М.Бахтин вводит различие между манерой письма Достоевского и Толстого на основании их отношения к смерти[12]. Так, он полагает, что для Толстого авторская монологическая позиция имеет абсолютное преимущество. Автор, скрытый за повествовательной канвой, управляет всем этим миром и имеет в своем распоряжении то, что Бахтин называет смысловым избытком, т. е. возможностью как расширять повествование, так и сокращать, вводя новые причины, логические средства и пр. И это все верно и справедливо. В чем же Бахтин недостаточно точен, так это в убеждении, что Достоевский имеет критически осмысленное отношение к смерти, что он «знает о ней». В отличие от «материальных» пластически и биографически достоверных персонажей Толстого, герои Достоевского представляют собой лишь фикс-идеи, они – не живые и индивидуально характеризуемые лица; естественно, обсуждать их историю жизни (рождение/смерть) нет нужды. Казалось бы Достоевский пишет историю семьи Карамазовых, но это вовсе не история, а сейчас-и-здесь происходящее событие, встреча «братьев», случайная и «роковая», наконец, это развернутый судебный очерк об «убийстве отца детьми», пространный и запутанный.
При сравнении литератур Толстого и Достоевского следует интерпретировать смерть в двух режимах: как знак-индекс, указывающий на явление моего/твоего тела в своих позах, со своими жестами и физиогномикой, «историей» и т. п., это смерть субъективная, отнесенная к становлению экзистенциально целостной личности. Эту проблематику смерти прекрасно чувствовали М.Пруст и Л.Толстой. Тот же режим, который свойствен литературе Достоевского, скорее ставит под сомнение значение смерти, «у него никто не умирает». А не умирает потому, что ни один персонаж не получил отдельной живой формы, не сложился в границах диалектики отношений моего/твоего тела, внетелесная функция обезличивает, деперсонализует персонажа, утверждает его безразличие к жизни вне выговариваемой идеи (мысли). Персонаж Достоевского пребывает в кратком периоде существования, он живет, пока говорит (подает голос), он не умирает, пока принадлежит тому, что говорится. За звучащими потоками речи, разливающимся по этим обширным белым пространствам, нет ничего, даже самого слабого «я», как нет и «сознания». Бахтин вынужден допустить в качестве равного противника смерти «сознание» (и «самосознание»); оно не может быть завершено, ибо всегда соотнесено с другим, оно не одно. Но Достоевским такого рода терминология не используется, более того, он крайне негативно относился к самому понятию сознания (позже мы вновь вернемся к обсуждению этой проблемы).
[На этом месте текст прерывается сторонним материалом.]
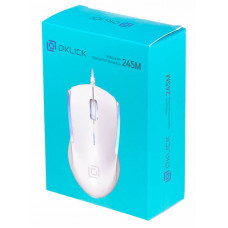 Мышь OKLICK <245M> белый оптическая (1000dpi) USB (3but)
Нет смерти и нет отношения к ней, но есть всеми замечаемая у Достоевского эротика изнасилованного, оскорбляемого, изуродованного и унижаемого тела. Не смерть в центре, а насилие. Смерть не является событием, она отделяется от насилия и не имеет никакой индивидуальной характеристики. Интересно, что плоть человеческая также вне индивидуальных отличий. Присмотритесь, и вы увидите, что в литературе Достоевского устойчиво чувство подавляемой телесности. В качестве ответной реакции – выброс возвышенных, идеальных чувств. «Мертвое тело Христа» не может быть представлено с точки зрения естественного процесса разложения, т. е. теперь это Плоть иная, сакральная, не природная преграда, а свидетельство Воскресения.
10
Ф. Ариес. Человек перед лицом смерти. Москва, «Прогресс», 1992. С. 341–342.
11
О том, как правильно расположить друг по отношению другу «производящие причины» см.: Ж. Делюмо. Грех и страх. Екатеринбург. Издательство Уральского университета, 2003, С. 124–129.
12
М. Бахтин. Проблемы поэтики Достоевского. Москва, 1963, С.93–98; его же: Эстетика словесного творчества. Москва, «Искусство», 1979, С. 314–316, С. 326.